**Instructions to follow**
Report every line of the records that includes the word "Picture".

== Segment start ==

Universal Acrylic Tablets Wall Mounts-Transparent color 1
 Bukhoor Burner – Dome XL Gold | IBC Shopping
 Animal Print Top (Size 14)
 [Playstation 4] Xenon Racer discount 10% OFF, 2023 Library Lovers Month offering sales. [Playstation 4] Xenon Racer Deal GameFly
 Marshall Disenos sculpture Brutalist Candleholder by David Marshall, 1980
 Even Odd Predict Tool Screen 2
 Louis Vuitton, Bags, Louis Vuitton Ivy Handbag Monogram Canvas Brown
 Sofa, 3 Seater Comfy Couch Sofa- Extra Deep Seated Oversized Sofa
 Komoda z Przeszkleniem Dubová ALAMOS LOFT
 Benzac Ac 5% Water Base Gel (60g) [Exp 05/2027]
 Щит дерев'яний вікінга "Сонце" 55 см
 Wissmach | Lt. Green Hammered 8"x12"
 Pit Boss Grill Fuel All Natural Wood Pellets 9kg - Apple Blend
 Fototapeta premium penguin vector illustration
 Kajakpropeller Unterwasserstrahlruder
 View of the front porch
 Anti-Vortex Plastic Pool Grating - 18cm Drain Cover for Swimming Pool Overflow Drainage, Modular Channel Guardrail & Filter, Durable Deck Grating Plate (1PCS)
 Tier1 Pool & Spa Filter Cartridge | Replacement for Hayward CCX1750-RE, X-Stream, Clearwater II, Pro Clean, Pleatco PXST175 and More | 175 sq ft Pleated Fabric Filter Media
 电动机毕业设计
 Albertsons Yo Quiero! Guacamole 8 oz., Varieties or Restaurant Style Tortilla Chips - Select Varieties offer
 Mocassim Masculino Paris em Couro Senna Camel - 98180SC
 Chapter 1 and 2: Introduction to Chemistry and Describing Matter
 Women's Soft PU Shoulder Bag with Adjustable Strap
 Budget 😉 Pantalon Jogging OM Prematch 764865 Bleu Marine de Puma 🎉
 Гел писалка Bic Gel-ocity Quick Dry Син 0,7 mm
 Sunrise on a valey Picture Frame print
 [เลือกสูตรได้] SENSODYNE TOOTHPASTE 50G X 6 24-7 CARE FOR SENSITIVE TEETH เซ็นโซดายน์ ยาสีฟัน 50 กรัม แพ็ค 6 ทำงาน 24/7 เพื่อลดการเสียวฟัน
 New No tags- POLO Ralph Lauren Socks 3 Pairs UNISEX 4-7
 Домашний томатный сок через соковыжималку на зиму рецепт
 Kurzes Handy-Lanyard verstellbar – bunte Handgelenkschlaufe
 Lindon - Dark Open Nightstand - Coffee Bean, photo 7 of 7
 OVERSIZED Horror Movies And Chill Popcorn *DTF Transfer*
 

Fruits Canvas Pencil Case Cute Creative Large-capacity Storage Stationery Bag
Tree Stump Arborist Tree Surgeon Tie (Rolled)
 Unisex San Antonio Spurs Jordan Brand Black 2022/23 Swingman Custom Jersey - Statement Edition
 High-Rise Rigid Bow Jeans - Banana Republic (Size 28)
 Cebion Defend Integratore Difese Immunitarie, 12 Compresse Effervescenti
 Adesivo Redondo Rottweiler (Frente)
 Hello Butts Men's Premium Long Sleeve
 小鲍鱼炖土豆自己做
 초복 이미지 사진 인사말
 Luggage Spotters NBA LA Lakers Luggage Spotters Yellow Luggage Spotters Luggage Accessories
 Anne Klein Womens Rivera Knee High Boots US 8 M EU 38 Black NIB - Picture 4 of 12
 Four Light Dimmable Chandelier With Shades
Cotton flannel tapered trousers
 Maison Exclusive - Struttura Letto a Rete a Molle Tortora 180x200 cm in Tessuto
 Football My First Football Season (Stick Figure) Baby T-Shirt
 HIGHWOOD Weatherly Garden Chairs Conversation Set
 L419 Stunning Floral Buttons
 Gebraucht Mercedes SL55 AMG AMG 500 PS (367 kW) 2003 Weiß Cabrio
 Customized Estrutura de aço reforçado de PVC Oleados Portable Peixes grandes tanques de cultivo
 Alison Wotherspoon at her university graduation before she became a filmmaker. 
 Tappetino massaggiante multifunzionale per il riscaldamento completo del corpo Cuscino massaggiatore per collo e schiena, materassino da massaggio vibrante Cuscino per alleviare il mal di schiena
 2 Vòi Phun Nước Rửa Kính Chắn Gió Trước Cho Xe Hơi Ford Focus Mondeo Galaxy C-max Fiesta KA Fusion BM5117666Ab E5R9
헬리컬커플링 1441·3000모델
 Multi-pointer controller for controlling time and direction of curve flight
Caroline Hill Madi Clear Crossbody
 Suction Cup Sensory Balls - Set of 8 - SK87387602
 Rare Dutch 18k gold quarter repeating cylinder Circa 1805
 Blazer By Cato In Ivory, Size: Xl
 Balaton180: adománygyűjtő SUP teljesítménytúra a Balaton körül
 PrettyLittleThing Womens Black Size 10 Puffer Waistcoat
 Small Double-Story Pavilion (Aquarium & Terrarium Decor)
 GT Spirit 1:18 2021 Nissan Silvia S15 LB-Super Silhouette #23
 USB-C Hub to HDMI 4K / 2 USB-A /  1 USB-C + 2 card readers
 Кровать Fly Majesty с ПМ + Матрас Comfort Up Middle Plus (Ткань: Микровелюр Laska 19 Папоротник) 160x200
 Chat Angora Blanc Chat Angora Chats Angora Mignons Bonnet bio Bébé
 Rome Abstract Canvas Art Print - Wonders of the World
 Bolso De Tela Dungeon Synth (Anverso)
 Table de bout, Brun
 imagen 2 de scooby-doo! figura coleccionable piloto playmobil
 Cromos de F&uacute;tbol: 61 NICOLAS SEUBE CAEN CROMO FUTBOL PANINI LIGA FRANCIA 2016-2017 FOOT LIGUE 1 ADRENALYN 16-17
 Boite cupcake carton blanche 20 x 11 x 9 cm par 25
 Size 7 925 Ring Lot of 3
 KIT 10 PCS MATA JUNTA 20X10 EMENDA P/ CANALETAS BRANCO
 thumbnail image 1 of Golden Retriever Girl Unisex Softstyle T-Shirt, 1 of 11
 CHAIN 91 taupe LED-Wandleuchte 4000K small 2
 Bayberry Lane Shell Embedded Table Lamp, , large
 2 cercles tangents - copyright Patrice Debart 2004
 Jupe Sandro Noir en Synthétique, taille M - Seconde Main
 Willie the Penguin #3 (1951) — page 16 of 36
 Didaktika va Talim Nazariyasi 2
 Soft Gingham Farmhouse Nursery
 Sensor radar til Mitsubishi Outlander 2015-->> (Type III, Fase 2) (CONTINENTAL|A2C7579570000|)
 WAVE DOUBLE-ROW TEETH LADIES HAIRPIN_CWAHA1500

== Segment end ==

**Your response**
 Sunrise on a valey Picture Frame print
 Anne Klein Womens Rivera Knee High Boots US 8 M EU 38 Black NIB - Picture 4 of 12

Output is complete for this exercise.